Since then, she says, “hundreds” of potential partners have expressed interest in the band’s economic development and the Tsawwassen First Nation has entered into a memorandum of agreement with Ivanhoe Cambridge and Property Development Group to develop up to 70 hectares as a mixed-use project. (The treaty – valued at around $120 million in total – netted the community more than 700 hectares of land.) “The one thing we have always had going for us is location, location, location,” says the mother of three daughters, aged two to seven, who is now in her sixth term as leader.

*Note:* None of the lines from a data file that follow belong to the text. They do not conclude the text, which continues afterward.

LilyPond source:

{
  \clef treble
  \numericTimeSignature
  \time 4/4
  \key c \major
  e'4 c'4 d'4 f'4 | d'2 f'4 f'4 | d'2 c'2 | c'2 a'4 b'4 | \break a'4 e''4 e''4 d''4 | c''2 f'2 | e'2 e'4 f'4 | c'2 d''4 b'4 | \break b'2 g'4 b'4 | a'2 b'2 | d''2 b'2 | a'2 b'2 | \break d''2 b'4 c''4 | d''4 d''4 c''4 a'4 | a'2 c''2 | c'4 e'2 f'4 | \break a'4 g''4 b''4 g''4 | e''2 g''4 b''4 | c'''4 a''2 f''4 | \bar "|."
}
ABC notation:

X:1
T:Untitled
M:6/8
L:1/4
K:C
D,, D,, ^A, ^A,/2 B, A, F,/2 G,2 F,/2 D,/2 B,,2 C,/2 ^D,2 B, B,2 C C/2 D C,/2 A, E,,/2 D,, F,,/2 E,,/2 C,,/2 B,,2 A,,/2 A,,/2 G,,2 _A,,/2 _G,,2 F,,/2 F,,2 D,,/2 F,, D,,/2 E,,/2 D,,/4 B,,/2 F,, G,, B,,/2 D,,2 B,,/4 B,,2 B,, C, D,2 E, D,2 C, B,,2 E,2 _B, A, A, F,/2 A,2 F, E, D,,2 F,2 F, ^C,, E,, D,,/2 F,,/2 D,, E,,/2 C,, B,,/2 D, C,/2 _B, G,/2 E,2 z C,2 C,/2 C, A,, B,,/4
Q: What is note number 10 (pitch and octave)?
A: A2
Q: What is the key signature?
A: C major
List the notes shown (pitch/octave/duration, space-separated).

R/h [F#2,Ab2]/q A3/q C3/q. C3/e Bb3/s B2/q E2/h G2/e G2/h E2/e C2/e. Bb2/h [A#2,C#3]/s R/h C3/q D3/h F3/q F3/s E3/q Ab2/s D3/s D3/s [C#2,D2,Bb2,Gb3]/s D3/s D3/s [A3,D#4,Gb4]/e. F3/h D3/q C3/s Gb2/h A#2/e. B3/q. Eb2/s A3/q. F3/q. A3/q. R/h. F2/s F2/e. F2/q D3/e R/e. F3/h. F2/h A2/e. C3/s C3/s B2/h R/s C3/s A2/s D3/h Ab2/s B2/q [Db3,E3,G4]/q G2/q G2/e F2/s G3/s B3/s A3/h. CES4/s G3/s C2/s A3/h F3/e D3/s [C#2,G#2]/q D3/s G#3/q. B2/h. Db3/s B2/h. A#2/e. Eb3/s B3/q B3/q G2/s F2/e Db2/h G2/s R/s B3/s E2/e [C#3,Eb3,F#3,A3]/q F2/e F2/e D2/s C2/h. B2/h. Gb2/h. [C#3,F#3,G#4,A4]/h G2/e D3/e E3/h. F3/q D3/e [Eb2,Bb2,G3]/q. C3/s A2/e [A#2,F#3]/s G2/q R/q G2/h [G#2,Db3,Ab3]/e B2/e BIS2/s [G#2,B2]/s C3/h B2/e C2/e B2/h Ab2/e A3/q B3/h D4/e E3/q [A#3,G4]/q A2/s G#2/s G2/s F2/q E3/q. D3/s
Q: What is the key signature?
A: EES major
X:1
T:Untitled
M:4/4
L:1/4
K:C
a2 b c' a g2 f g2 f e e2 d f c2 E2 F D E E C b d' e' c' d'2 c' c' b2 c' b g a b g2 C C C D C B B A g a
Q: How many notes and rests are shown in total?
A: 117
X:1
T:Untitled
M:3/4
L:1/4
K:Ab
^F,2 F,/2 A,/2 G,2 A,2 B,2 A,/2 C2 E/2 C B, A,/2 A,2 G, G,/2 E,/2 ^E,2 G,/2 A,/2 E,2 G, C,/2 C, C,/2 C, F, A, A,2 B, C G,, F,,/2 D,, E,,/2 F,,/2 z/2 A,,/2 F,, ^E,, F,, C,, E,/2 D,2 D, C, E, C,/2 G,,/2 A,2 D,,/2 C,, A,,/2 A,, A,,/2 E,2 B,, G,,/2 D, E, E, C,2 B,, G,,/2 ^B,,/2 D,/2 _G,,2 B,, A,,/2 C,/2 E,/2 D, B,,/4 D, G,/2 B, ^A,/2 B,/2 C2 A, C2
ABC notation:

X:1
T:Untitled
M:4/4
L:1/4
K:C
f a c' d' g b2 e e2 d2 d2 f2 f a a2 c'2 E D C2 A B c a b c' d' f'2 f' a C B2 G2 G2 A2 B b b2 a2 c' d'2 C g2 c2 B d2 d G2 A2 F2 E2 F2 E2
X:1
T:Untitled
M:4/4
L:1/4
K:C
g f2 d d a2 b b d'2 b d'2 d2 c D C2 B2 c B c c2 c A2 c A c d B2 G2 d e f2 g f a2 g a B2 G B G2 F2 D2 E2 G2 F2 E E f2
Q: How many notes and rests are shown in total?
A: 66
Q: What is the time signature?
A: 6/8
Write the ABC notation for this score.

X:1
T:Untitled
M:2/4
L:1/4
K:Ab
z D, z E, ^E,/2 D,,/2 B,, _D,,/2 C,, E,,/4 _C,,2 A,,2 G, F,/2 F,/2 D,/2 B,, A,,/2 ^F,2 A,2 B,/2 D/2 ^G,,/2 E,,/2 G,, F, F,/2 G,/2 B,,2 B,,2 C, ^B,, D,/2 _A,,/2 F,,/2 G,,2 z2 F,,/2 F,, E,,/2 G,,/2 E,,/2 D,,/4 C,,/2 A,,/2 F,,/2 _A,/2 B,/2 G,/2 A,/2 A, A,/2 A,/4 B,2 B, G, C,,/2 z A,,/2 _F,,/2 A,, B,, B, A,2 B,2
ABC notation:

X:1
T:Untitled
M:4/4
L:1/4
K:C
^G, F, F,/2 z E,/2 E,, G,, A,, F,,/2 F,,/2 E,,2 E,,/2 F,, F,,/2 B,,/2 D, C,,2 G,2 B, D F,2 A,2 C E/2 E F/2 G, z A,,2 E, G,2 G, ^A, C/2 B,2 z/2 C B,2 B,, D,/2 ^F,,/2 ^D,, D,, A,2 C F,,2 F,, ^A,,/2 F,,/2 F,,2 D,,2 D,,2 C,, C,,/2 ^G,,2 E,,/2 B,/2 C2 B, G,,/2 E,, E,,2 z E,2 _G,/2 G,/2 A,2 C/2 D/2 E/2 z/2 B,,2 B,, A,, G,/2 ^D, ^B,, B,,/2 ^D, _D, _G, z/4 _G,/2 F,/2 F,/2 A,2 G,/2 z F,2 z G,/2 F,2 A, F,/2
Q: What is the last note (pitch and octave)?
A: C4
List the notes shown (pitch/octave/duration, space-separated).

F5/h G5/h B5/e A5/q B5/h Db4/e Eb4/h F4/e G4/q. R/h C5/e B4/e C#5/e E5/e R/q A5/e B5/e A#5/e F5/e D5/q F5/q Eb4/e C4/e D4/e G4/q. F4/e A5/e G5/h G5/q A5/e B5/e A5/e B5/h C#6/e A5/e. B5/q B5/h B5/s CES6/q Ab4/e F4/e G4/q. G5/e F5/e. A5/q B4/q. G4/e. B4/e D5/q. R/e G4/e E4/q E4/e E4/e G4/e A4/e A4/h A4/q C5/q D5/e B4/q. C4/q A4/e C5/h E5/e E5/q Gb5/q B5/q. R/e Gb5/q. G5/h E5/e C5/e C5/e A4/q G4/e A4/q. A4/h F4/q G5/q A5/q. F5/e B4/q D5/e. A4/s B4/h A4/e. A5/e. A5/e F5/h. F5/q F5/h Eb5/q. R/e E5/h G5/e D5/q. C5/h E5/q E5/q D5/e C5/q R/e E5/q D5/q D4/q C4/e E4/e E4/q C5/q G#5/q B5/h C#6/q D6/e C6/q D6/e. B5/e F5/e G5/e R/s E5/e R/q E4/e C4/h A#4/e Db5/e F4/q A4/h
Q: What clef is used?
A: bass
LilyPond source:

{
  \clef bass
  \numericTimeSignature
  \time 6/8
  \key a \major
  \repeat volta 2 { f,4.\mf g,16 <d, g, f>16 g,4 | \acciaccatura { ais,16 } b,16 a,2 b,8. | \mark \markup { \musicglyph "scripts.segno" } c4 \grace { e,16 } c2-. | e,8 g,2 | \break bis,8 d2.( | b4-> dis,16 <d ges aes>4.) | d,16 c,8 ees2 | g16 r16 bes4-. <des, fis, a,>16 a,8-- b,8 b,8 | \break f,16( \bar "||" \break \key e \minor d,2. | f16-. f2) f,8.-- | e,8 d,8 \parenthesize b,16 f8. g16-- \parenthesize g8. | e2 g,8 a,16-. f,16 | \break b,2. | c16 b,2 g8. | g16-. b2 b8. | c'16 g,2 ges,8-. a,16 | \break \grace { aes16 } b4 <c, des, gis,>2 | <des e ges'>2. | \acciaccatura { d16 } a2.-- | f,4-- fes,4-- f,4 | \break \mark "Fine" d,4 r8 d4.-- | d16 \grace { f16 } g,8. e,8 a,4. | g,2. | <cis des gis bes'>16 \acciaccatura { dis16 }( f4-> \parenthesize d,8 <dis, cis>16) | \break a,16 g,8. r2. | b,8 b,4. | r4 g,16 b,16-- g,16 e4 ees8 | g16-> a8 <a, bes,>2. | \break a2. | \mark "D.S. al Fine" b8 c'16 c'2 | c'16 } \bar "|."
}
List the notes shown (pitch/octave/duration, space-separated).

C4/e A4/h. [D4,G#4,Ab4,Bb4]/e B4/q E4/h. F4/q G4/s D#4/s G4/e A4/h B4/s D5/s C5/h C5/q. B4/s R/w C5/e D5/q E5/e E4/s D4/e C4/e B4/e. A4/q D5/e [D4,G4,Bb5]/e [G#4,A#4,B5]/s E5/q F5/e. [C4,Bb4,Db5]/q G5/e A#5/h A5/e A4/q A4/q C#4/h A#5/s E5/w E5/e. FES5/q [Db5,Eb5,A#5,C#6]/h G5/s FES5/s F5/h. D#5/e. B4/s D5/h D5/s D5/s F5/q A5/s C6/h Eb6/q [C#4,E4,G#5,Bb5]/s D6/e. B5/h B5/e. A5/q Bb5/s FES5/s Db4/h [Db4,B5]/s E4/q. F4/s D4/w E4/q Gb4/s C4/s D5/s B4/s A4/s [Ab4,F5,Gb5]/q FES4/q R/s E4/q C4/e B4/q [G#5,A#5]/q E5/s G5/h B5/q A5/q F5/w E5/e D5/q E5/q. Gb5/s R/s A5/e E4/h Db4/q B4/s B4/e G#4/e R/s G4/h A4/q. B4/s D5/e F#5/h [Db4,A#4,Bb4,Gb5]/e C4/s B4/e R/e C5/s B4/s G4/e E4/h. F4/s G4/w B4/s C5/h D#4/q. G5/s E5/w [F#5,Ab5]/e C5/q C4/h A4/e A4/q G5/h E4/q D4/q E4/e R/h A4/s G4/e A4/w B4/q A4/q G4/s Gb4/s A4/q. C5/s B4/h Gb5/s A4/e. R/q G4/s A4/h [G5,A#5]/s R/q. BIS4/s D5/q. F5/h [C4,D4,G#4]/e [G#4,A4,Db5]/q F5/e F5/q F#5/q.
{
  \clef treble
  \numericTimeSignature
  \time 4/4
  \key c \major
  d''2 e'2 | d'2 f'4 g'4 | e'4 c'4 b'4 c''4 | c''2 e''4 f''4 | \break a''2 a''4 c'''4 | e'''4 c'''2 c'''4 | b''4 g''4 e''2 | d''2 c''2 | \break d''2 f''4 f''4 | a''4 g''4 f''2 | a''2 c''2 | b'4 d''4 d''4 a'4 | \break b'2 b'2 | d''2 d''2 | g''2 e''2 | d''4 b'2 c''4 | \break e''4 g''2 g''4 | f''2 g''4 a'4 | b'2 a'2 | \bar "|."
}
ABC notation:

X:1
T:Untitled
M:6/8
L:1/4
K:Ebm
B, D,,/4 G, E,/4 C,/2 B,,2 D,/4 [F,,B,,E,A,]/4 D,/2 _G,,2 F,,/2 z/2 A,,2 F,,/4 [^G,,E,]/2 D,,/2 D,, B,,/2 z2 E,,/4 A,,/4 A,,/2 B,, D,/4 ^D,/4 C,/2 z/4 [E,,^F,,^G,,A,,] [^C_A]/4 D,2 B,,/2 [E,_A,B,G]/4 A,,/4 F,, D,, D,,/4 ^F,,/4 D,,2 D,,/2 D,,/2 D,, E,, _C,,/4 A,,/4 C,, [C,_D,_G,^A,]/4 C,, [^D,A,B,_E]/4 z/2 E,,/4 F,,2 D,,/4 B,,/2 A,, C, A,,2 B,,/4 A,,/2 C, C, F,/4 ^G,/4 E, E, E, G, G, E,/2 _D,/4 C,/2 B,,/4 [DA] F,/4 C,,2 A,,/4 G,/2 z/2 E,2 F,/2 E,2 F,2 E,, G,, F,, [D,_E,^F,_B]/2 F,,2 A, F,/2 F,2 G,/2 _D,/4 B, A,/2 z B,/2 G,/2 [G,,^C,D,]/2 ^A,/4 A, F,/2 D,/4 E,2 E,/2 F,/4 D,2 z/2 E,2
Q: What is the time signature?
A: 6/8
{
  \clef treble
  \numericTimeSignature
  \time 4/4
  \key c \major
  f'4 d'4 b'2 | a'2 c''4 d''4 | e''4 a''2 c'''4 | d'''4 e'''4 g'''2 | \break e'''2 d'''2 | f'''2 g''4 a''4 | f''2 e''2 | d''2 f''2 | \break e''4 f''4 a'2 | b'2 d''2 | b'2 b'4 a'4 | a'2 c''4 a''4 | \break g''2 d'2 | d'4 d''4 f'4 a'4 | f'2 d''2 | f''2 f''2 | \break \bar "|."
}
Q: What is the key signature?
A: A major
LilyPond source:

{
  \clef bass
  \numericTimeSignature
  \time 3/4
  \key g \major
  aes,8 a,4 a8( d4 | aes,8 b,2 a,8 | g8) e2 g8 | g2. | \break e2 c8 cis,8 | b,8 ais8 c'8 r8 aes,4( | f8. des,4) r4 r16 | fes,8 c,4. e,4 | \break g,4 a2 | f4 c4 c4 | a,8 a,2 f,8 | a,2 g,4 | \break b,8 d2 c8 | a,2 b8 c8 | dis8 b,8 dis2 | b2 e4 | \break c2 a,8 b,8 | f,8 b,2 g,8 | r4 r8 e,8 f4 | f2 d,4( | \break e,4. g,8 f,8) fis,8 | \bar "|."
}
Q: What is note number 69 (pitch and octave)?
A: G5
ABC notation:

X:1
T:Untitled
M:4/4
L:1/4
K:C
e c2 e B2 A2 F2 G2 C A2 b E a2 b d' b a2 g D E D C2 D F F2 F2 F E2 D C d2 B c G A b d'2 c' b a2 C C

These early years, as she puts it, are critical: “Autonomy is awesome, and the opportunity is huge,” she says, “but we need to be careful not to squander things. We have to have the right deals and the best use of the land as a base of sustainability.” Touting the band’s “business-forward approach,” Baird (a director of both BC Hydro and Metro Vancouver) brings up financial projections that have the Tsawwassen First Nation economically self-sufficient within 10 to 15 years. “That’s an amazing transformation,” she enthuses, “but how we leverage that to transform the quality of life for our members is what really excites me.”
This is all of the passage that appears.